There are two characters in Scripture, whose CONDUCT emphasizes this quality of life. In the Old Testament, the testimony of the woman of Shunem concerning Elisha is of interest in this connection: "I perceive that this is an holy man of God, which passeth by us continually" (2 Kings 4.9), There was a consistency and STEADFASTNESS about his mode of living that marked him out as a holy man whose walk was well-pleasing to God. In the New Testament, it is said of Barnabas: "He was a good man," again indicating that there was something about his life that spoke of goodness or godliness.
How many of us would rather have that said of us than that we were good preachers or good organizers! I believe the greatest contribution we can make to the cause of Christ is in the impact of our unconscious influence. Today we are inclined to think a great deal of cleverness, and even of smartness, but the day is coming when there will be a startling reversal. Goodness will be first and greatness last. Here I would recall the testimony of one Christian worker concerning another: "She is all she professes to be and much more." The writer of the following verses puts this very aptly:
"I'd rather see a sermon than hear one any day,
I'd rather one would walk with me than merely show the way;
The eye's a better pupil, more willing than the ear,
Fine counsel is confusing, but example's always clear;
The best of all the preachers are the men who live their creeds, For to see good put in action is what everybody needs; I soon can learn to do it if you'll let me see it done, I can watch your hands in action, but your tongue too fast may run; The lectures you deliver may be very wise and true, But I'd rather get my lessons by observing what you do; I may not understand the high advice that you may give, But there's no misunderstanding how you act and how you live."
The late Dr. Stuart Holden, speaking of the early disciples, said: "Here were men who were with Him long enough to capture His spirit, and so were made competent to go forth to reproduce Him in the world." The success or failure of our work as a church or mission depends, in the last resort, largely, not in the number of preachers we put into the field, nor on the size of our congregations, but rather on the character of Christianity we and our work produce.
So we see that CONDUCT is the way we act or live.

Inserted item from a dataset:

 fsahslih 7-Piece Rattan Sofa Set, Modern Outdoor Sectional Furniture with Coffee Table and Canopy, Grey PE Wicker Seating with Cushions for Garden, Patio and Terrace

You have heard it said: "I do not care what people think of me." By way of comment, someone has said: "That may be all right as a statement of consecration, but it is a poor rule of conduct!" We ought to care what people think of us. Scripture clearly declares that we are called upon to be 'lights', so that men seeing our good works may glorify God. It is a solemn thought that God 's character before the world is committed to His people so that in a true sense, His reputation is in our hands.
This can be illustrated by the story of the traveler who, some years ago, called at an hotel. The appointments were the finest and the service the best that he had ever known. The proprietor was considered the most successful man in that business in that part of the country. One day the traveler found the secret. In the staff quarters, unseen by the public, but where it was visible to his employees, hung a card with the words: "My reputation is in your hands."
My appeal is for a more practical expression of our faith, the practical aspect springing from a pattern of life based on New Testament standards, as represented by the Sermon on the Mount. The average man whom we are anxious to win, will not be impressed by anything less. Whitefield was once asked: "Is such and such a man a Christian?" "I do not know," was the reply, "I never lived with him," suggesting that he was basing his judgment on CONDUCT rather than hearsay.
This theme often engages the powerful pen of the apostle, mention of which has already been made in the preceding chapter, where he clearly states that "none of us liveth to himself" (Romans 14.7), suggesting that our CONDUCT is touching others at a thousand points. Was it the CONDUCT of Nehemiah that impressed King Artaxerxes, and led him to act as he did? Nehemiah was the custodian of God's interests in the palace, and his CONDUCT must reflect that. We, too, are the custodians of God's interests in the world. We would do well to ask ourselves: "Do men see Jesus in us?"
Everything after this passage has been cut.